Wednesday, April 27, 2011

A Few Quirks of Life in China

After some thought, I've decided to start a mini-blog segment devoted to sharing some of the smaller idiosyncrasies of life here: the things that I carelessly let fall through the cracks because at the time I was too overwhelmed with singing mushrooms or haggling for amazing kitchenware or backpacking through Laos, Thailand or Cambodia. Now that our number of remaining days in China have dropped into the double digit range, I thought it was time for some serious "China-quirk blog cramming." After all, it's now or never.

left to right: rabbits in cages, three bowls turtles, one bowl ?, one styrofoam crate of fish
 
#36 Turtles in a Mixing Bowl: pet or lunch?

I'm getting mixed messages. The first time I came across this street display I was emerging from a subway stop on my way to IKEA. I saw the turtles swimming around in their bowl and then my eyes traveled to the fluffy baseball-sized Floppsy, Mopsy and Cottontails nestled in stacked cages just beside them.

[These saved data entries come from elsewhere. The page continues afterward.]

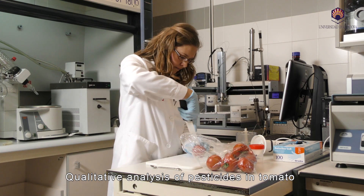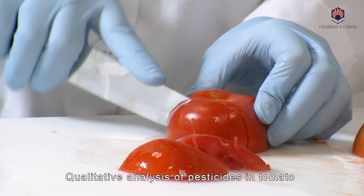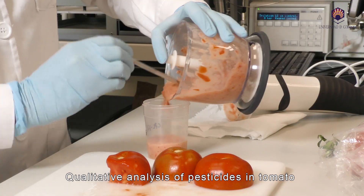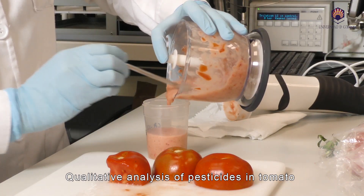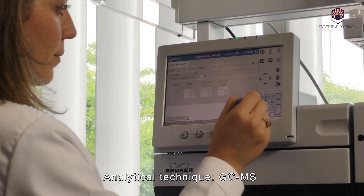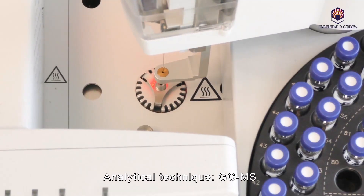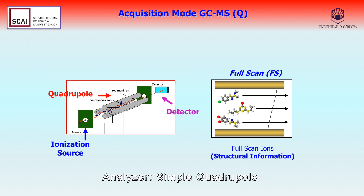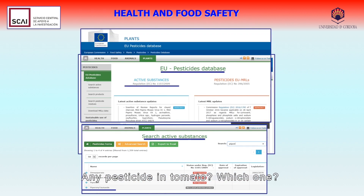We carry out a qualitative analysis of pesticides in a food of plant origins such as tomato, using as analytical technique gas chromatography mass spectrometry with a single quadrupole analyzer. The objective of this analysis was to detect the possible presence of pesticides in food.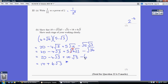We can now just gather up: 20 take away 6 is 14, and 10 lots of root 3 take away 4 lots of root 3 is 6 lots of root 3. And we've now ended up with our right hand side, which is what we had to show.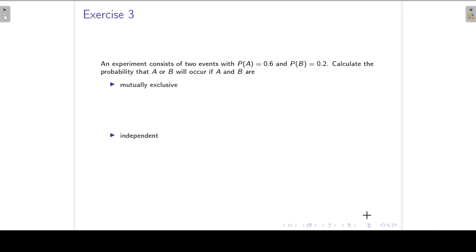Welcome to this second part of the exercises on the Rules of Probability. We are now going to look at Exercise 3. An experiment consists of two events, and the probability of A is 0.6 and the probability of B is 0.2. Calculate the probability that A or B will occur if A and B are mutually exclusive.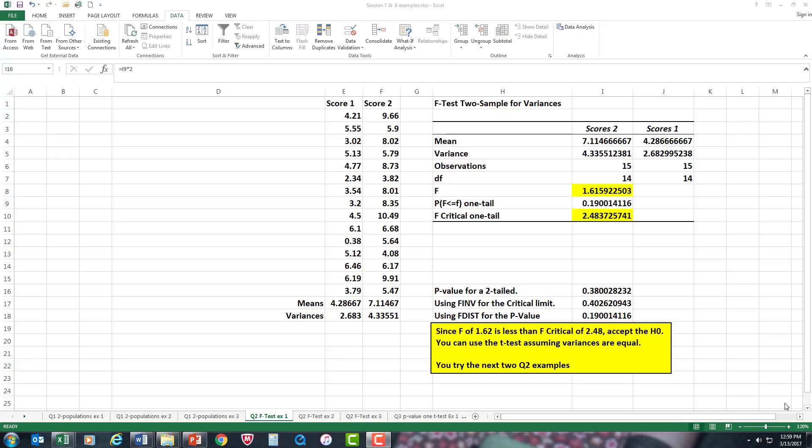Hi everybody. What we're going to do in this video is an F-test two-sample for variance, and that'll be problem number two on problem set four. The goal of this test is to determine which t-test to use.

My first reaction was the joyful elation of any warm-hearted child who in the first moments of laying eyes on a fluffy friend can offer no resistance to the overpowering, pre-programmed desire to a) hold it! b) take it home, where it will inevitably c) grow old with me and be my best friend for life. I estimate that this process takes about three seconds (including visualizations) and only ends for adult-children when d) I'm adult and I know better [than to buy animals on the street in China], I can't possibly care for this animal, must regain pre-animal sighting composure mode kicks in.

But then I got scared.

Another, smaller display. Turtles in bowl on left, rabbits on the right

This is China. They eat everything here. Wait a minute...are these animals friends or table toppers? After months of agonizing over this completely unnecessarily, I'm choosing to believe that the answer is friends. That's what everyone seems to try to sell me on anyway, and they have no idea I already had a name picked out for my rabbit.

#61 Whatcha' Readin?

On the subway, if you are reading a book plan on sharing it. Pull an English title from your bag and you're sure to make some new friends fast. They won't talk to you, but they will read over your shoulder. And they don't stop when you look at them when a face that says, "what are you doing?" They just stare back at you and wait for you to turn the page so they can hunker down next to you for more pairs reading. The same rule applies to text messages and emails.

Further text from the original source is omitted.